**What this task involves:** Could you output the whole listing exactly as it stands, minus any images?

**Dataset extract:**
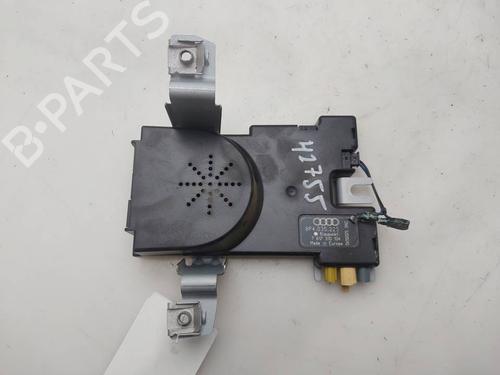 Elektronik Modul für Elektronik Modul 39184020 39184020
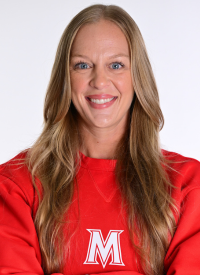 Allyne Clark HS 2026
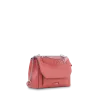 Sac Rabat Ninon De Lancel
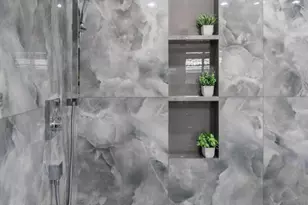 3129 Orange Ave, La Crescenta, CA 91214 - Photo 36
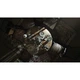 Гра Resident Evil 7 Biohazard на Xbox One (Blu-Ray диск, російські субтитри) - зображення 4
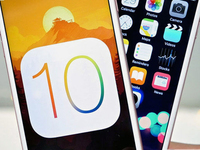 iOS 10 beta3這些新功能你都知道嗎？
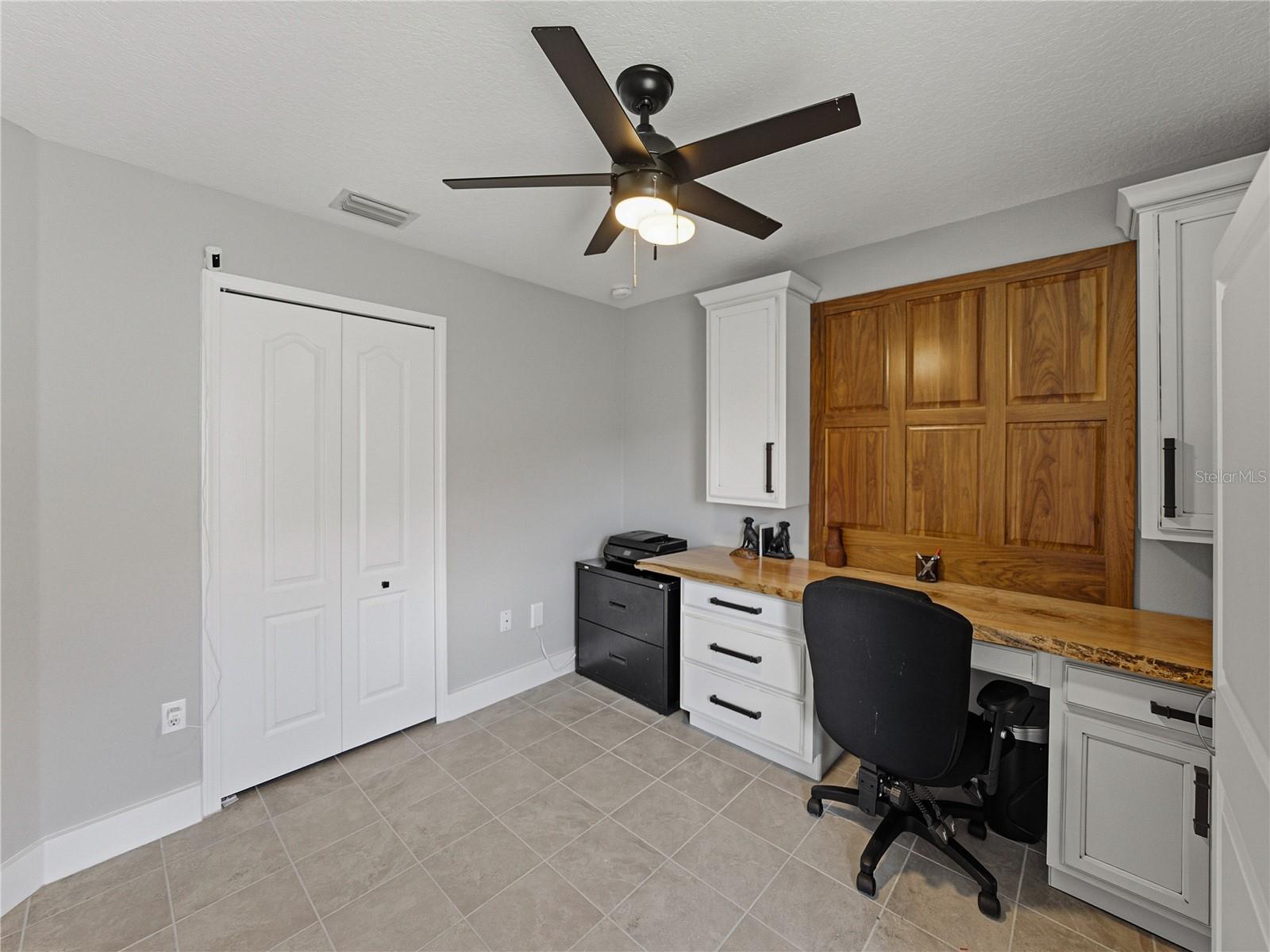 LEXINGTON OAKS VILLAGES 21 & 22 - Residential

**Reply to the exercise:**
 Elektronik Modul für Elektronik Modul 39184020 39184020
 Allyne Clark HS 2026
 Sac Rabat Ninon De Lancel
 3129 Orange Ave, La Crescenta, CA 91214 - Photo 36
 Гра Resident Evil 7 Biohazard на Xbox One (Blu-Ray диск, російські субтитри) - зображення 4
 iOS 10 beta3這些新功能你都知道嗎？
 LEXINGTON OAKS VILLAGES 21 & 22 - Residential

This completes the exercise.